Puberty. Is there a lesser degree of preparedness than "not at all"? Because that's me. Raising my son hasn't always been easy. But I have a pretty easy kid. For those of you who don't know, he's 12. Twelve seems to be the magic number where testosterone pushes its way to the front of the line, desperate to disprove its dormant, wallflower status. Noticeable physical changes haven't started taking place yet, but we've enjoyed some behavioral changes in these last few months; some expected, some borderline shocking.
One example of the expected is my son's skilled execution of the heavy sigh and exaggerated eye roll. The only thing that will make this better is when the word, "whatever," hits the rotation. Good times ahead.
He's also developed a new-found disdain for school. I don't think he really dislikes school, I think he's just feeding off of his friend's hatred for it. But even if he did, he comes by it honestly. I proudly held the title for "most 'sick' days in the history of any school, anywhere" back in 1982.

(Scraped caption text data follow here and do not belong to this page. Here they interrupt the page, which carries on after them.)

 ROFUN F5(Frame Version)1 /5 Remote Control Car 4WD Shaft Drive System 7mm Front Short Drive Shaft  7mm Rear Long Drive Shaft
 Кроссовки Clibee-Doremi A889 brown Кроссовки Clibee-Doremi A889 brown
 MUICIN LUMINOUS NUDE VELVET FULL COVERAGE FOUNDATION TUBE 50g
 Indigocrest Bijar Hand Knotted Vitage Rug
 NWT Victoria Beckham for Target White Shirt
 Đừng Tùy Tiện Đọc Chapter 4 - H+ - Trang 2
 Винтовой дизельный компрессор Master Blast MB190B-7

Sidebar - I was also voted most likely to own a shop called "Barely There" by my high school choir teacher, Mrs. Peebles - but that's a different set of issues altogether.
My son told me that not only does he detest school, he doesn't see the benefit in going at all. Here was our conversation:
Ryan - Mom, school is so boring. It's pointless. When am I ever going to work with negative exponents?

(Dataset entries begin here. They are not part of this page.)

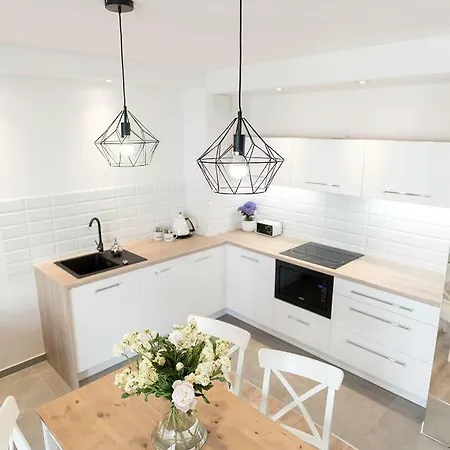 Blue In Vibrant Heart Of * Gdynia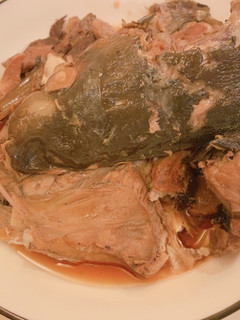 ハマチのアラ炊き-レシピのメイン写真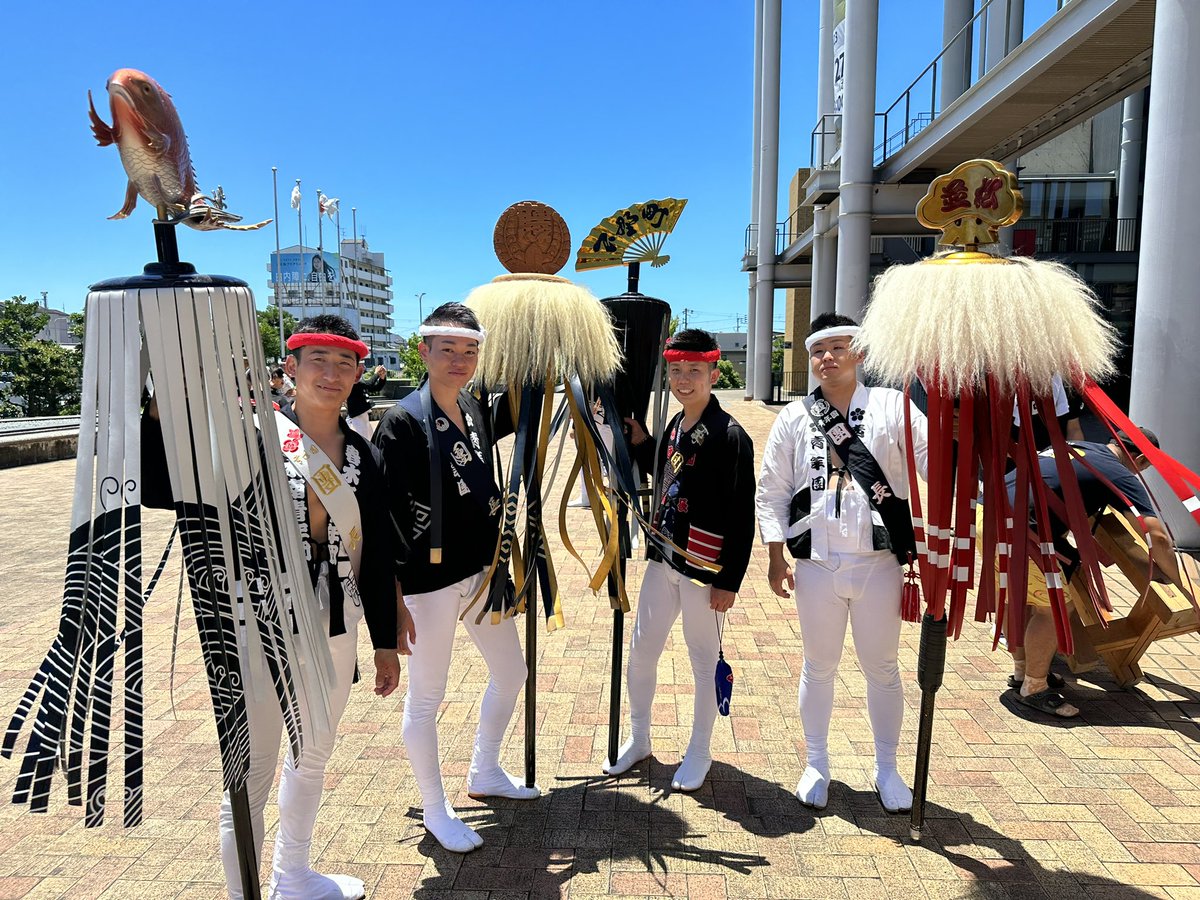 daiki8115's tweet photo. 令和5年度安全祈願祭も滞りなく終了
祭りまであと2ヶ月！！ https://t.co/aJm8Jwfeiz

God help me, but I didn't even understand the question.
Ryan - I hate school. I'm think I'm gonna quit.
Me - Okay, you'll have to get a job, then. Not sure what you'll be able to do without a high school diploma, let alone at your age.
Ryan - I could sell games at GameStop or be a greeter at Wal-Mart.

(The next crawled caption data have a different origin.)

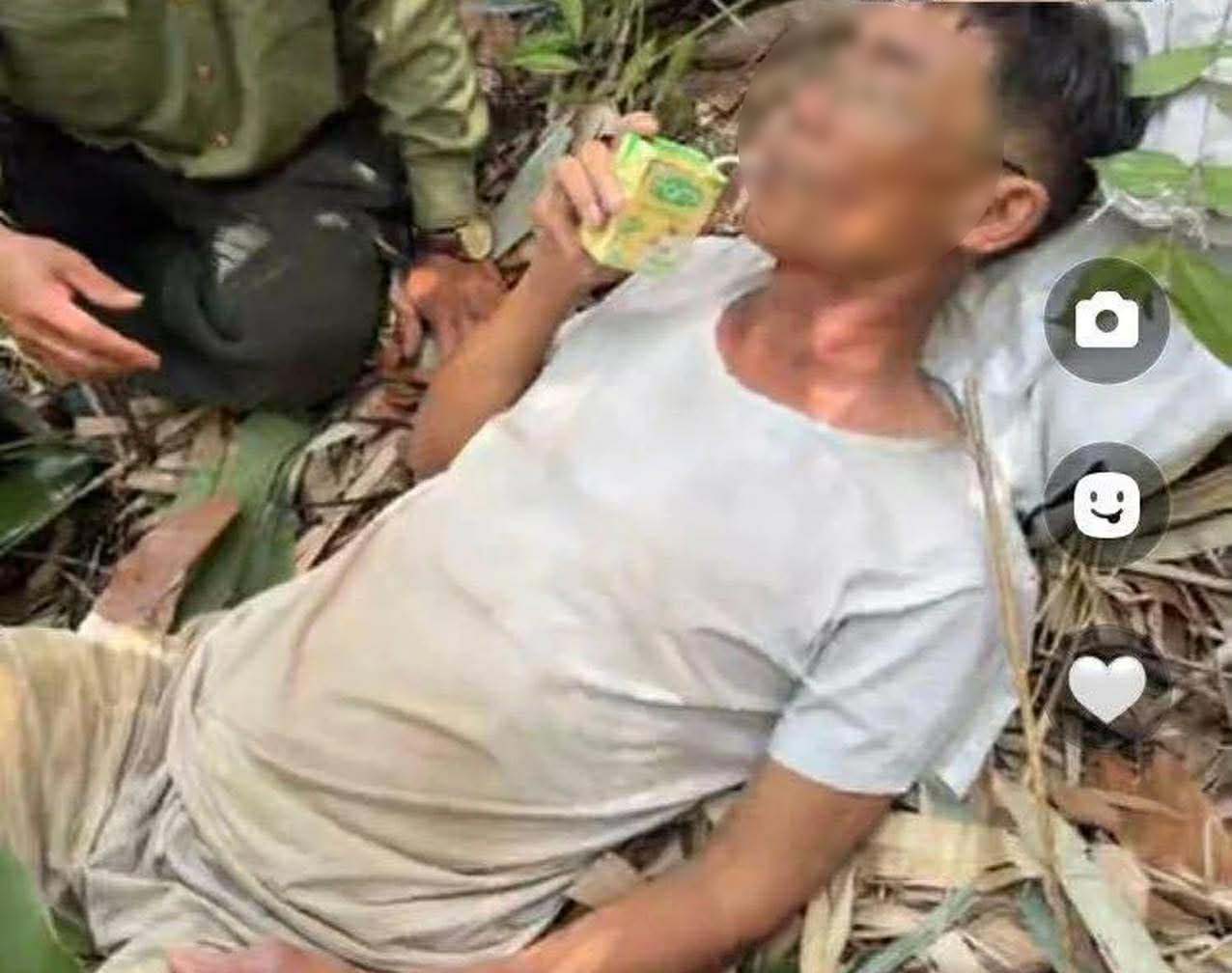 Cụ &ocirc;ng 73 tuổi mất t&iacute;ch 3 ng&agrave;y: H&agrave;nh tr&igrave;nh kỳ t&iacute;ch trong rừng n&uacute;i - Ảnh 2.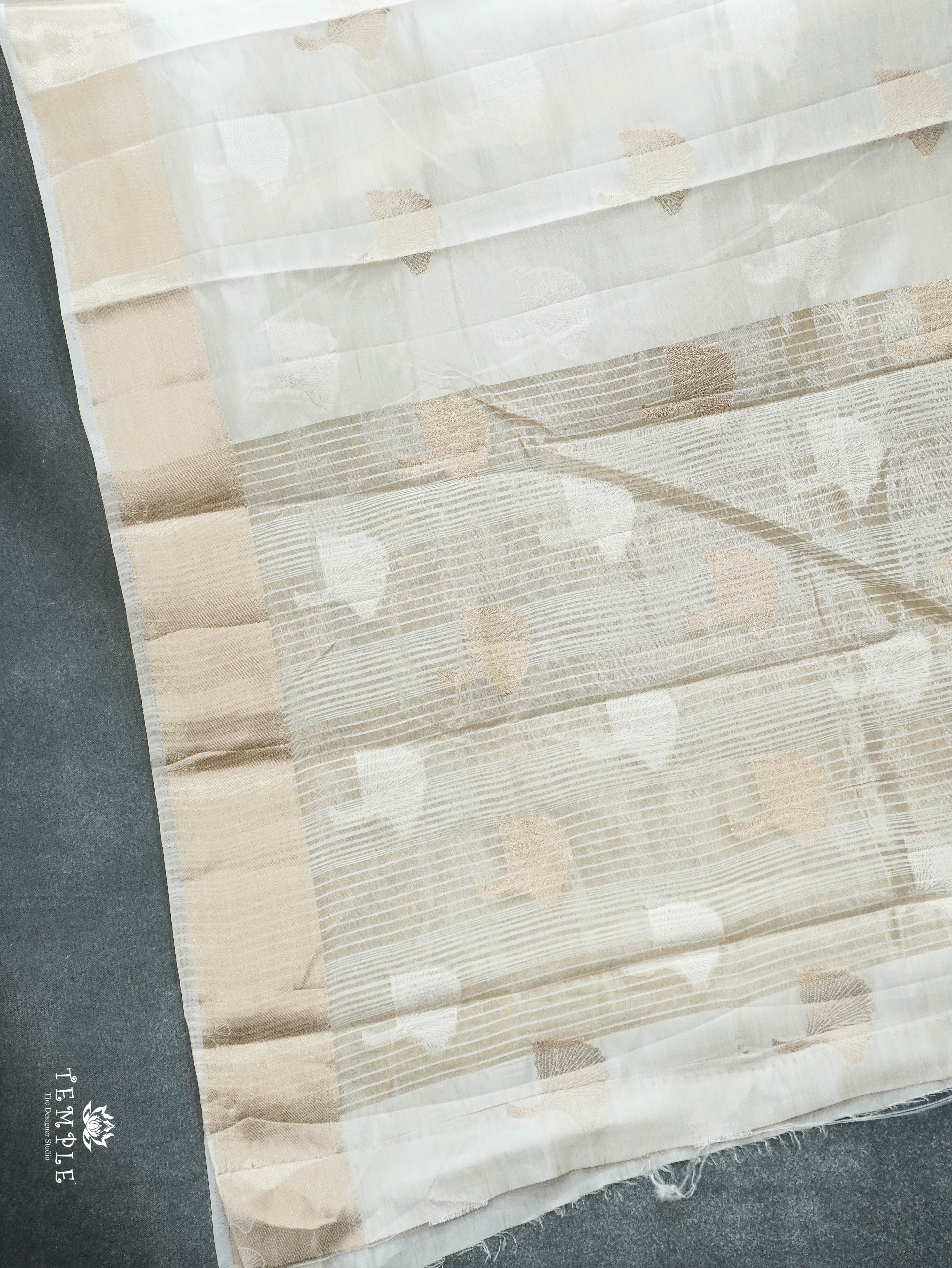 Semi Tussar Silk Saree | TTDS3146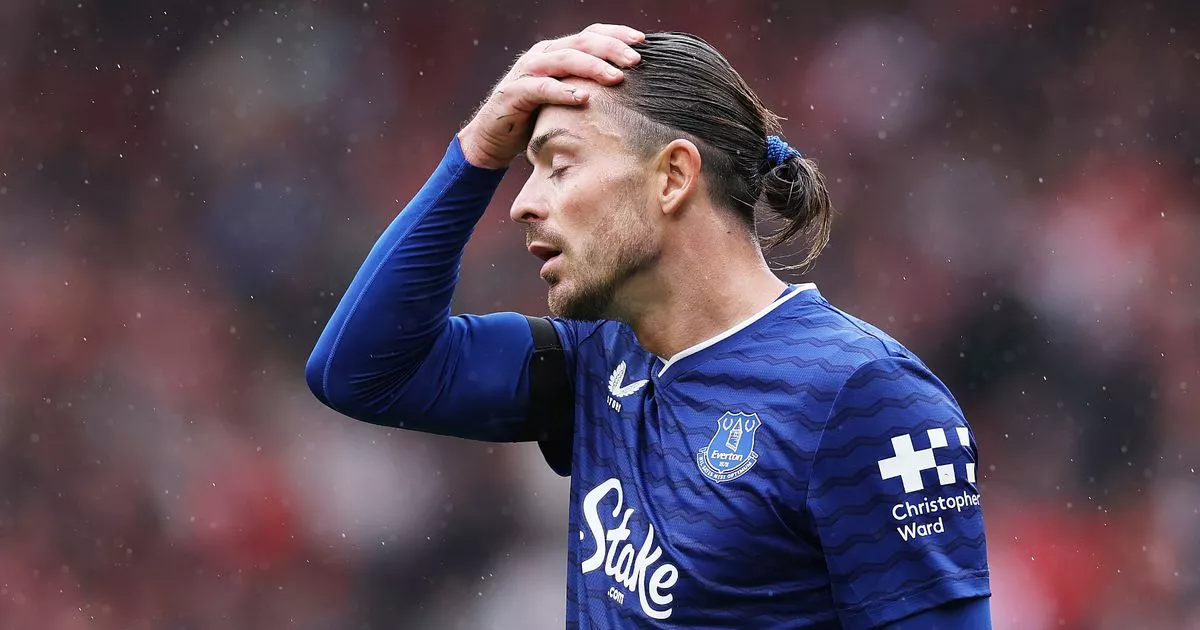 Jack Grealish makes feelings clear to Everton teammates after Liverpool defeat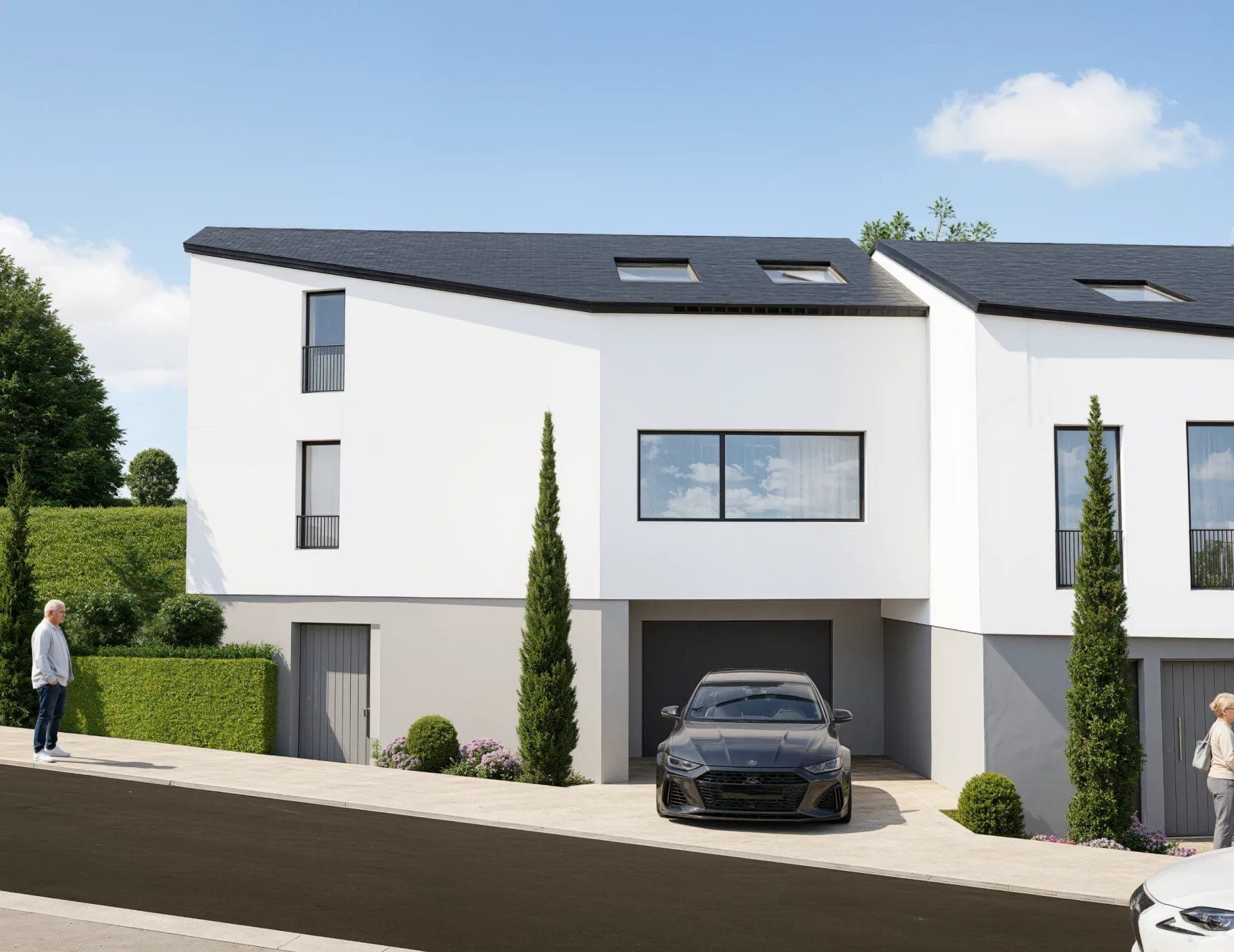 Terrain constructible en vente à Rosport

I know I should've said no. But I do like a man with a plan. Plus, I'm really looking forward to the extra income.
Another fun issue we're dealing with isn't so much shocking, as it is, Really? This is what we're doing now? He has recently started dry-humping - or, more accurately - air-humping. This humping is totally unnecessary and utterly gratuitous. It's humping for the sake of humping. I believe it started off as an innocent dance move. He'd just be dancing around the house, and then BAM! - once, maybe twice a week. I thought it was just a phase. Then, gradually, the moves were happening more and more frequently. Soon it was every day, then multiple times a day, and now, the very uncomfortable, rapid succession.
A couple of weeks ago I posted on Facebook that I watched my son dry-hump his way to the bus stop. Is this really the best use of the pelvic thrust? And every night after dinner, when I ask him to jump in the shower and get ready for bed, he looks at me and says - in staccato - "O. K.," and thrusts with each syllable.
How lovely...dinner and a show.
Since I didn't have younger brothers growing up, I don't even know what "this" is. Can I expect more of this thrusting? Is he doing it at school? Is there a support group I should know about?
Look, I'm not naive. I know what I'm dealing with is nothing compared to what lies ahead. And if there's any truth to, "Payin' for your raisin'," well, let's just say that I probably ought to just trade him in for a kitten now and stay ahead of the game. I put my parents through hell. Hell, I tell ya. So Ryan, if you think that you're going to put one over on me, you've got another thing coming. I have done it all, little man. I will always be one step ahead of you. I have 30 years on you, I am wiser than you and I will always, ALWAYS outsmart you.
....as long as it doesn't involve negative exponents or math of any kind.